It’s been 23 years since “The Nightmare Before Christmas” premiered October of 1993, and seeing as it didn’t open with the greatest fanfare, it’s perhaps loved even more today. Here’s the story of how the movie that moved from a cult film to a cultural phenomenon came to be.
Tim Burton originally wrote the story in poem form while he was an animator at Disney. He really hated that job, by the way. “I couldn’t draw those four-legged Disney foxes. I just couldn’t do it,” he said. “I couldn’t even fake the Disney style. Mine looked like roadkills.”
Anyways, after his stint as an animator he kept in touch with another animator who didn’t quite fit the Disney mold, Henry Selick. Burton showed Selick his creepy poem about a skeleton-type dude named Jack Skellington, and Selick immediately wanted to direct a feature version. They recruited “Beetlejuice” co-writer Michael McDowell and set upon creating the film in 1991.
Don’t doubt that the stop-motion animation is any easier than the modern CGI we see today. The film was shot at 24 frames per second, meaning the characters had to be re-positioned 24 times for EVERY second of the movie. One week of work equalled one minute of movie. It took more than three years to complete.
The antagonist Oogie Boogie wasn’t just an antagonist for the characters. He also caused the animators a lot of trouble by being the hardest character to create. Director Henry Selick admitted that the scene where Oogie is unraveled and spills his insect insides everywhere was only four shots but it took a full month to create.
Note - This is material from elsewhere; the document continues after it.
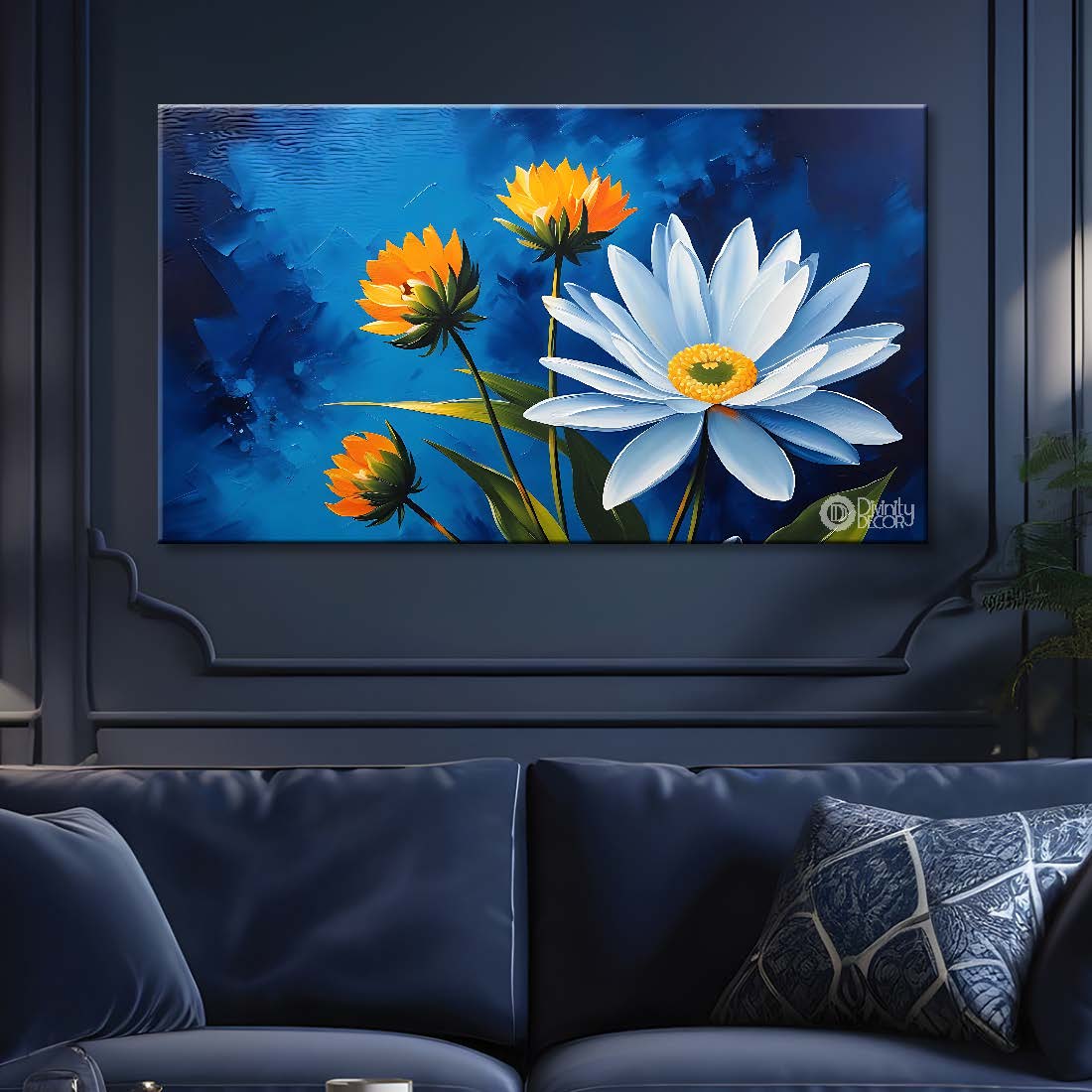 White flowers in navy blue background canvas painting- Flower-722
Since stop-motion is so time-consuming, Selick and his team really wanted to get a jumpstart as soon as possible. So much so that they didn’t even have a complete script when production began. In fact, Selick only had a few songs to work with: “We had three songs by Danny Elfman but no real screenplay, and we had to start because we had a pretty tight budget, and had to finish the movie in time. So we started off with the song “What’s This?” Selick said.
Danny Elfman himself sang all of Jack Skellington’s musical numbers in the final cut, which most people know. But the lesser-known fact is that he also recorded all of the speaking parts for the Pumpkin King. Selick didn’t like his version of Jack’s voice and expressed this to Burton. The two decided to go with Chris Sarandon for the dialogue, and Elman took it so badly that he refused to score Burton’s next film, “Ed Wood.”
Although Elfman still voiced characters like the Clown with the Tear Away Face and Barrel, the smallest of Oogie Boogie’s henchman, he still wasn’t happy. He had the animatos create a shrunken head that looked like him and hide it inside a cello.
Tim Burton was also supposed to have a brief cameo where skating vampires play ice hockey on a frozen lake with his head. The theory as to why this didn’t make it in the film is that Disney didn’t quite like the idea of having the head of a former employee in the movie and made Selick change it. The footage has since been released.
The biggest twist in the early footage was that when Oogie Boogie’s sack unravels, Doctor Finklestein is actually inside, and he kidnapped Sally because he was jealous that she chose Jack instead of him. He goes on to call Jack an “oblivious twit” and says he wanted to “teach Sally a lesson” before he disappears through a trap door.
The opening and closing monologues of the film were a pain to cast. Vincent Price, Burton’s idol, was supposed to narrate the film, and he even came into the studio to record. However he was so upset after his wife passed away that they were forced to find someone else. Burton and Selick had talks with Don Ameche, who proved to be too “grouchy” for Santa. Then James Earl Jones met with Elfman, but it only ended in an angry shouting match. Ed ivory won the role, even though he was a relative unknown with no experience.
Tim Burton’s original poem was supposed to play a bigger role in the film. The words were supposed to be read at length over the course of the movie… and they were supposed to be read by Patrick Stewart. Stewart recorded an entire film’s worth adaptation of the poem, but the movie evolved in a different direction and Stewarts parts were cut to only the opening and closing scenes, which were later changed to be spoken by Santa.
In a cut epilogue, Santa visits Jack years later and finds that the Pumpkin King had a bunch of kids who had the musical touch:
“And though that one Christmas things got out of hand, I’m still rather fond of that skeleton man,” recalled Santa. “So many years later I thought I’d drop in, and there was old Jack still looking quite thin, with four or five skeleton children at hand, playing strange little tunes in their xylophone band.”